Please retype the records below exactly, omitting any images.

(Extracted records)
══════════
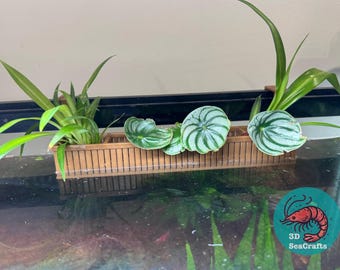 May include: A wooden planter with three plants. The planter is made of natural wood and has a rectangular shape. The plants are green and have large leaves. The planter is sitting on a black surface.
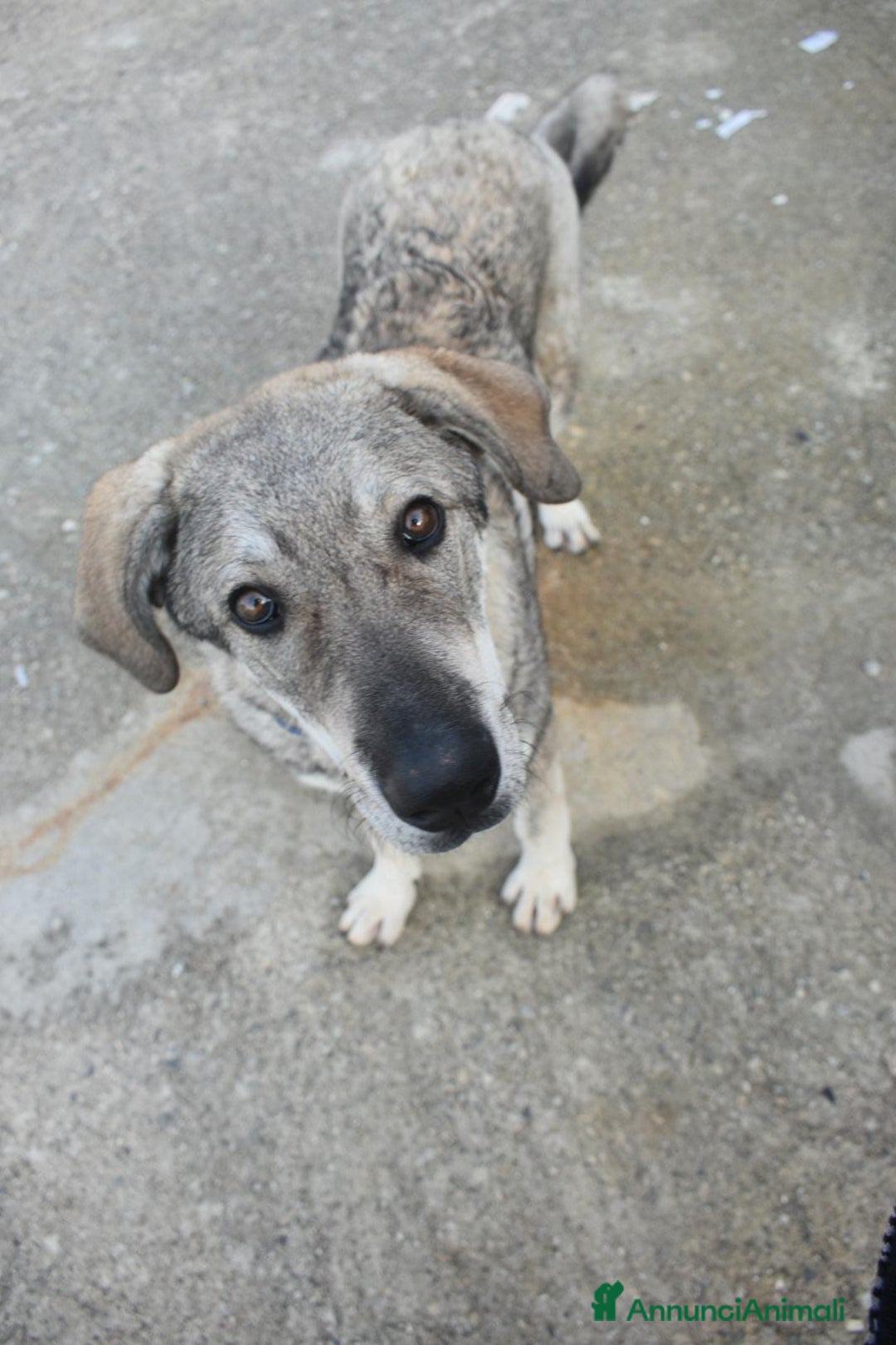 Meticcio cani in regalo: UNA MAMMA PER BALU - Annuncio 3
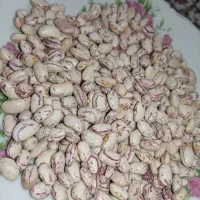 لوبیا چیتی امسال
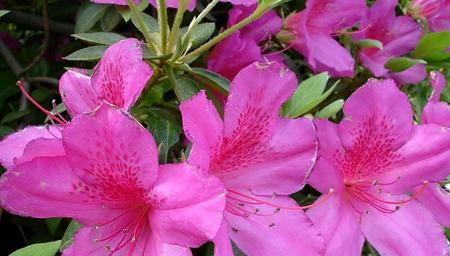 五彩斑斓的杜鹃花花语（探索杜鹃花的花语与心灵共鸣）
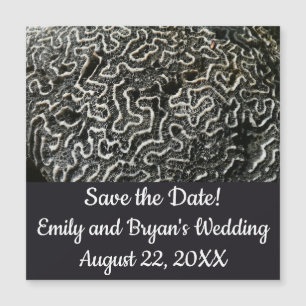 Abstraktes Foto der Schwarzen und Weißen Koralle I Magnetkarte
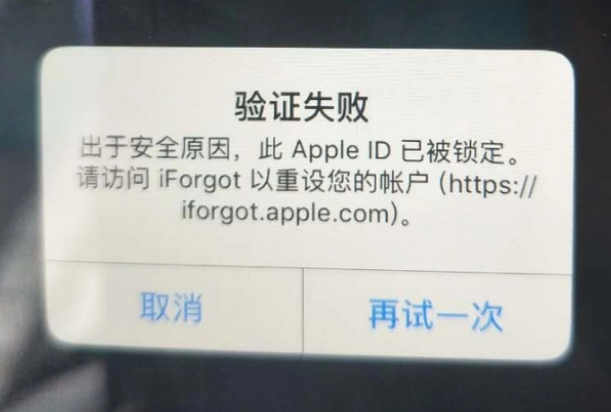 襄州iPhone维修分享iPhone上正常登录或使用AppleID怎么办 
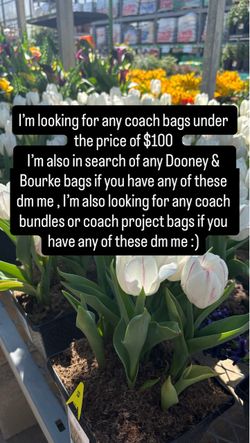 Coach bags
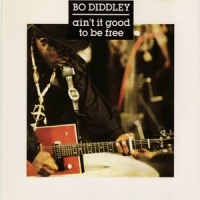 Evil Woman_Bo Diddley
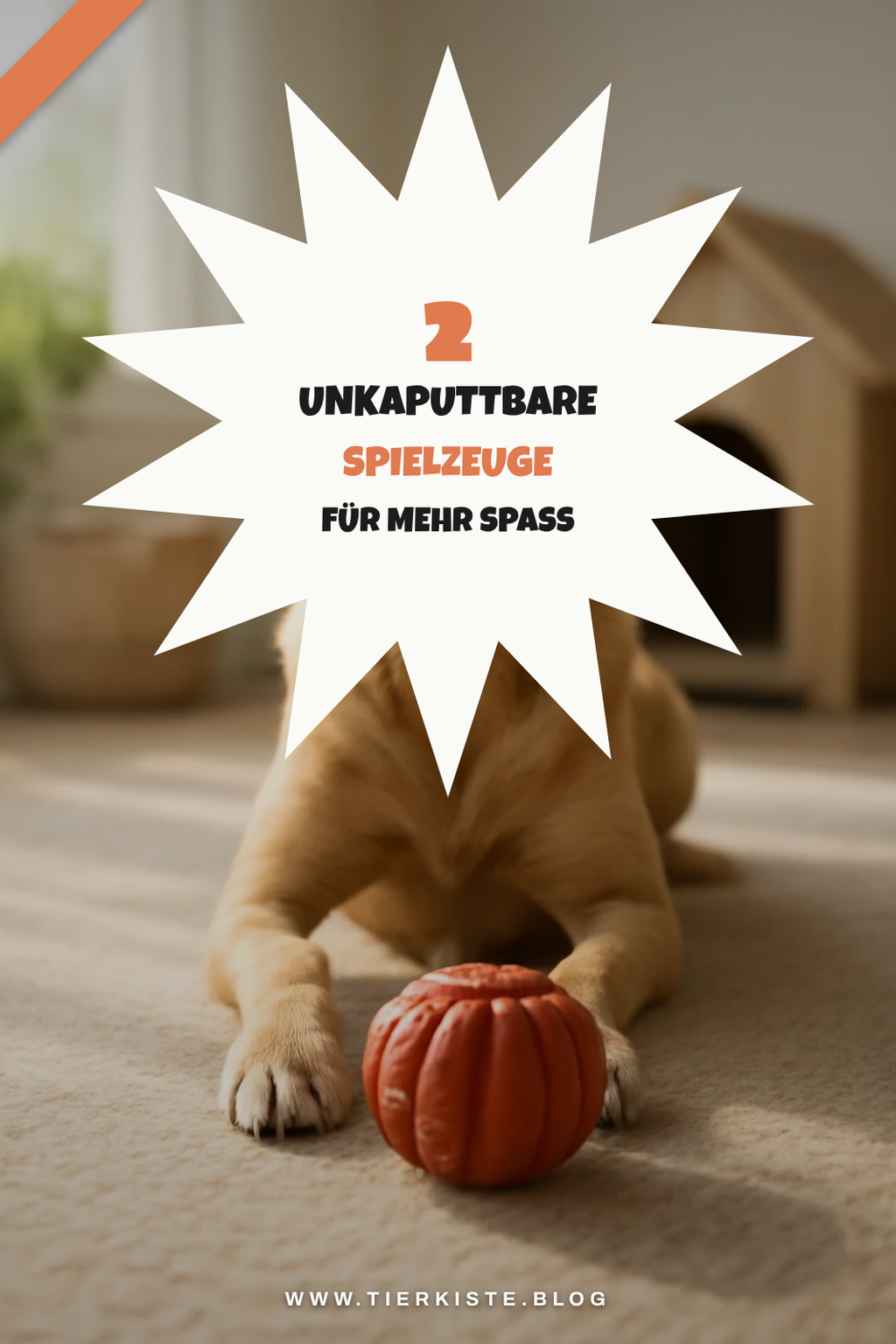 So findest du unkaputtbares Hundespielzeug für deinen Liebling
══════════
◆ Result ◆
 May include: A wooden planter with three plants. The planter is made of natural wood and has a rectangular shape. The plants are green and have large leaves. The planter is sitting on a black surface.
 Meticcio cani in regalo: UNA MAMMA PER BALU - Annuncio 3
 لوبیا چیتی امسال
 五彩斑斓的杜鹃花花语（探索杜鹃花的花语与心灵共鸣）
 Abstraktes Foto der Schwarzen und Weißen Koralle I Magnetkarte
 襄州iPhone维修分享iPhone上正常登录或使用AppleID怎么办 
 Coach bags
 Evil Woman_Bo Diddley
 So findest du unkaputtbares Hundespielzeug für deinen Liebling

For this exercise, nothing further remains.